Une silhouette à poncho, chapeautée de cuir avec des bottes ornées d'éperons, voilà le Chagra. La version équatorienne du cow-boy. Un gars qui a su monter à cheval avant de marcher, gardien des grands troupeaux de bétail des Andes.
Voici donc ces « chagras », version locale du gaucho argentin, du huaso chilien, du vaquero mexicain, du llanero colombien et du qorilazo péruvien. L’origine de ces gardiens de troupeaux remonte à la Conquista, lorsque l’élite espagnole se partage les terres andines et commence à les exploiter en vastes haciendas. Dans une société segmentée en fonction de la couleur de l’épiderme et dans laquelle l’Indien n’a tout simplement pas le droit de monter à cheval, les gros propriétaires font appel à des métis pour surveiller leur bétail.

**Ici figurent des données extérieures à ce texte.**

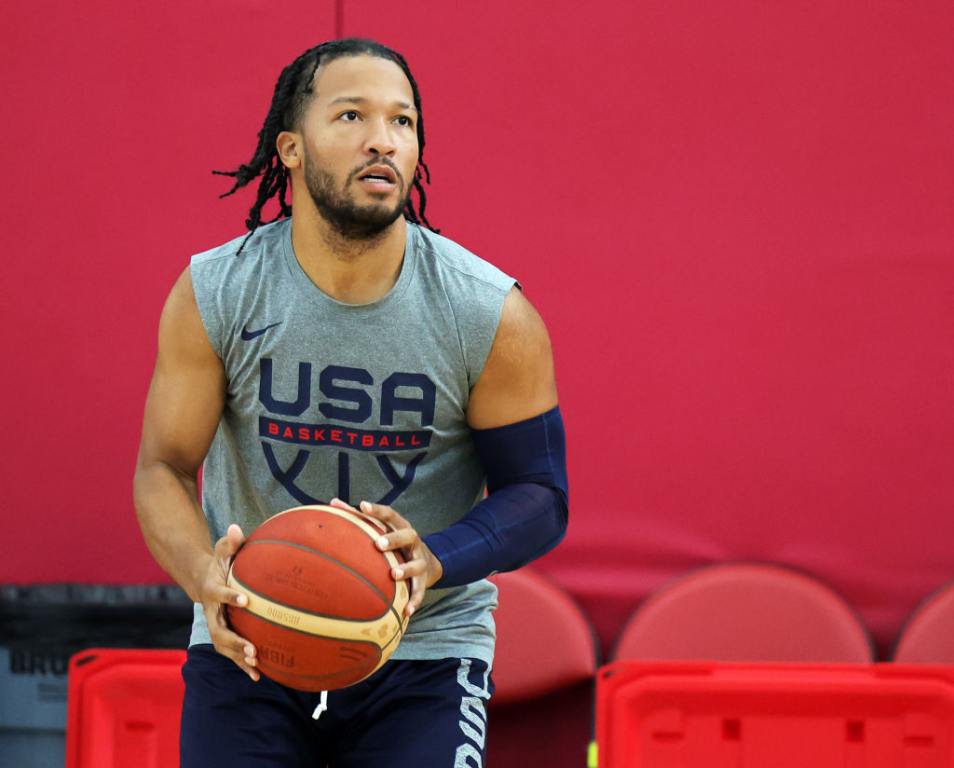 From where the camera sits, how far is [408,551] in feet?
6.63

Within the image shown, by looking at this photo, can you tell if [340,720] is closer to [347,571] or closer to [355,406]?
[347,571]

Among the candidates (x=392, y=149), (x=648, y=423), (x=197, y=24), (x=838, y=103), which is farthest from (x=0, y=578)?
(x=838, y=103)

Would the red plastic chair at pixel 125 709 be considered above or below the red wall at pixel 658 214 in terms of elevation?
below

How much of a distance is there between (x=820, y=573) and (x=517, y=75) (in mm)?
1537

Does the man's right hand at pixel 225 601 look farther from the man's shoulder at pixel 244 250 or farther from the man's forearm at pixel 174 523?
the man's shoulder at pixel 244 250

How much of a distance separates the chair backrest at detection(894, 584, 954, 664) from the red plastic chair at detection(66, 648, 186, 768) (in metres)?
1.80

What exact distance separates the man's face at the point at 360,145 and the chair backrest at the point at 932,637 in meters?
1.93

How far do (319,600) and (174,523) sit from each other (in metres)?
0.37

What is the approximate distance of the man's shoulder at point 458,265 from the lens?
7.48 ft

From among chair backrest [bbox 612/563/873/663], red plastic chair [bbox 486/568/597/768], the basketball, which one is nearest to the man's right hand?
the basketball

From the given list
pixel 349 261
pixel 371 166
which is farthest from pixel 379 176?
pixel 349 261

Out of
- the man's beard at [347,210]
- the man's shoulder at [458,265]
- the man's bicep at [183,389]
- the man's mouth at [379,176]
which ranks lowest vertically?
the man's bicep at [183,389]

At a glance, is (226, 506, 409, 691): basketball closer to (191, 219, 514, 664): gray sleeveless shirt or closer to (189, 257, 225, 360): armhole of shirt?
(191, 219, 514, 664): gray sleeveless shirt

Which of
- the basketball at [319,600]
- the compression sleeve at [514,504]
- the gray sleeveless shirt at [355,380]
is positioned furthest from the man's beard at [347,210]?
the basketball at [319,600] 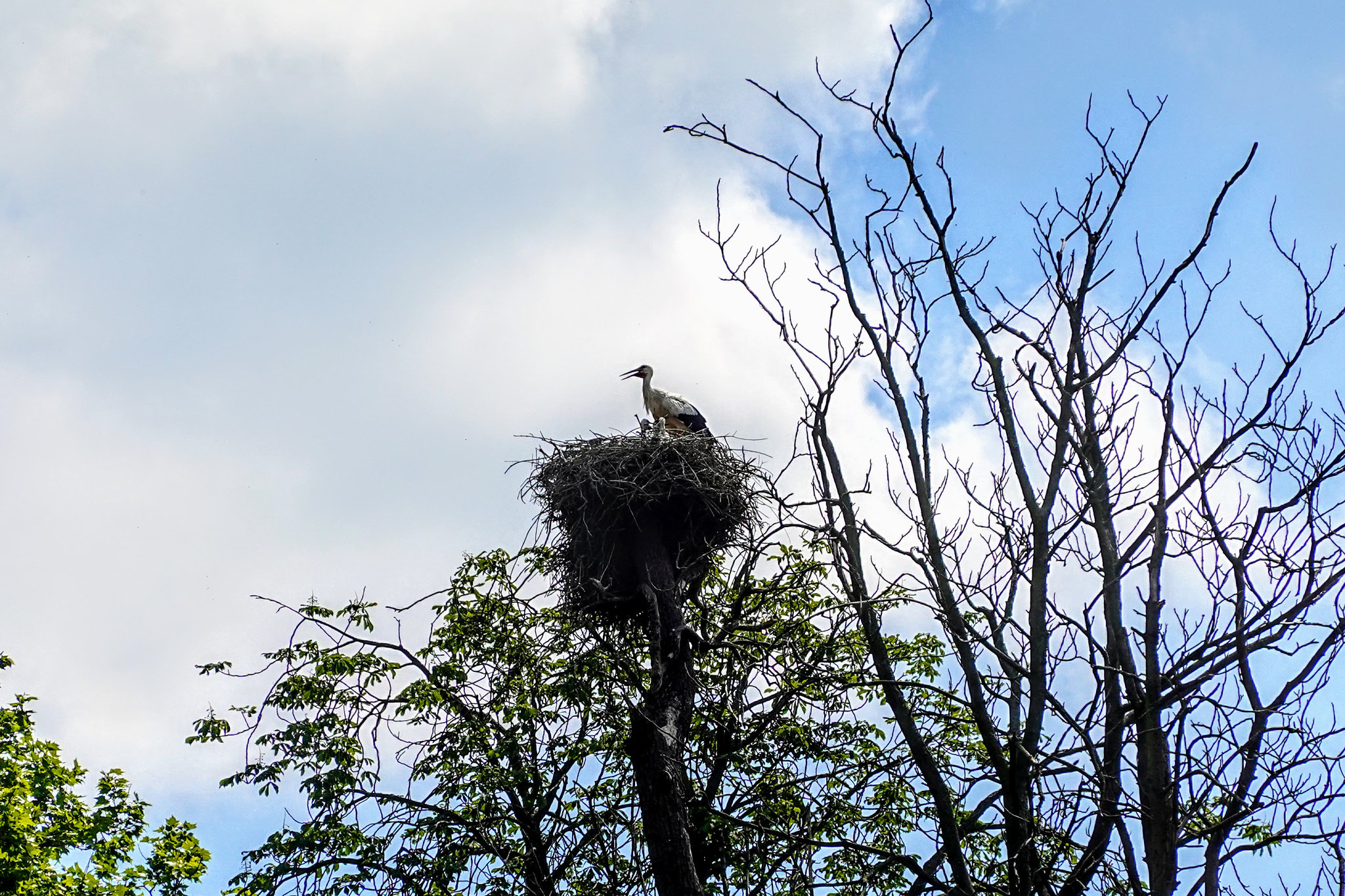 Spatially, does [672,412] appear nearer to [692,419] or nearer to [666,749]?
[692,419]

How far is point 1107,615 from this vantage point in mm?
4293

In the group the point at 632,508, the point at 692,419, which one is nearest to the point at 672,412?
the point at 692,419

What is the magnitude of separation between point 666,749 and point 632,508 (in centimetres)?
194

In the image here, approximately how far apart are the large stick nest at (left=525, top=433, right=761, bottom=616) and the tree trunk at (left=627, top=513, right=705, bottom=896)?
62 cm

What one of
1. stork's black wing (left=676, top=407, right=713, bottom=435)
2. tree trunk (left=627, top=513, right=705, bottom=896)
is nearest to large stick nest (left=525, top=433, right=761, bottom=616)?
tree trunk (left=627, top=513, right=705, bottom=896)

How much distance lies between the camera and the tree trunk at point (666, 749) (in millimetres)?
6562

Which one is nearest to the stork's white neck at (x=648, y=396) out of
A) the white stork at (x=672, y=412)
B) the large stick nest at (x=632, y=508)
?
the white stork at (x=672, y=412)

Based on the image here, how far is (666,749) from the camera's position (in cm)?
680

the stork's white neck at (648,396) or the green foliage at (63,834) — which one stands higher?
the stork's white neck at (648,396)

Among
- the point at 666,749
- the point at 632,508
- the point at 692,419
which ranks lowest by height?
the point at 666,749

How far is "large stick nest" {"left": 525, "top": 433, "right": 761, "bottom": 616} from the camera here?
823cm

Mais c’est grâce aux corridas que ces as du lasso vont s’attirer les faveurs de l’aristocratie terrienne.
« L’histoire des chagras est intimement liée à celle des taureaux, raconte Gabriel Espinosa, propriétaire d’une hacienda à 50 km au sud de Quito. On dit que ce sont les Jésuites qui ont lâché des taureaux dans la nature pour éloigner les chercheurs d’or qui venaient orpailler dans leurs rivières. En tout cas, les chagras se sont vite avérés indispensables pour gérer le bétail et capturer les bêtes destinées aux corridas.»
Avec ses 250 vaches laitières, l’hacienda de Gabriel fait partie des grandes propriétés de la région, même si la succession de réformes agraires l’a fait passer de 600 hectares en 1911 lorsque son grand-père se lance dans l’élevage à 120 hectares aujourd’hui.
Pour préserver ses terres, il s’est mis depuis une quinzaine d’années à l’agro-tourisme et organise des randonnées équestres. Guido, l’un de ses 14 chagras est justement occupé à débourrer un étalon de 2 ans, un jeune émotif qu’il fait tourner en rond à l’aide d’un sachet plastique agité au bout d’une perche. Une bonne technique pour lui tremper le caractère et l’affranchir de ses peurs. « Parfois, on récupère des chevaux qui ont été élevés à la cravache, à la dure. Cela donne des montures très nerveuses, peu sûres. Guido les reprend en main et en deux semaines, la bête a retrouvé sa sérénité. Ici on ne casse pas les chevaux, on les éduque ! », assure Gabriel.
Au fil des siècles, les chagras ont su tisser des liens intimes avec tout ce qui porte des sabots ou des cornes. Ils sont ainsi devenus les hommes de main des gros éleveurs, aussi habiles à ferrer une vieille mule qu’à capturer au lasso une génisse enragée.
Bien plus qu’une profession, c’est désormais une culture, un art de vivre qui sent bon le crottin et le cuir mouillé. « Beaucoup ont défriché un lopin de terre et sont un peu devenus agriculteurs. D’ailleurs chagra vient de chakra qui désigne un bout de terrain en quechua. »
L’année s’écoule au rythme des « round-ups », où les bestiaux lâchés dans la nature sont rassemblés pour le marquage des jeunes et la sélection des individus les plus agressifs qui participeront aux fiestas populaires. Plus de 1 200 villages dans le pays organisent ce type de corrida bon enfant où les plus bravaches viennent agiter leur poncho devant le museau de taureaux mal embouchés pour le plus grand plaisir d’une foule survoltée.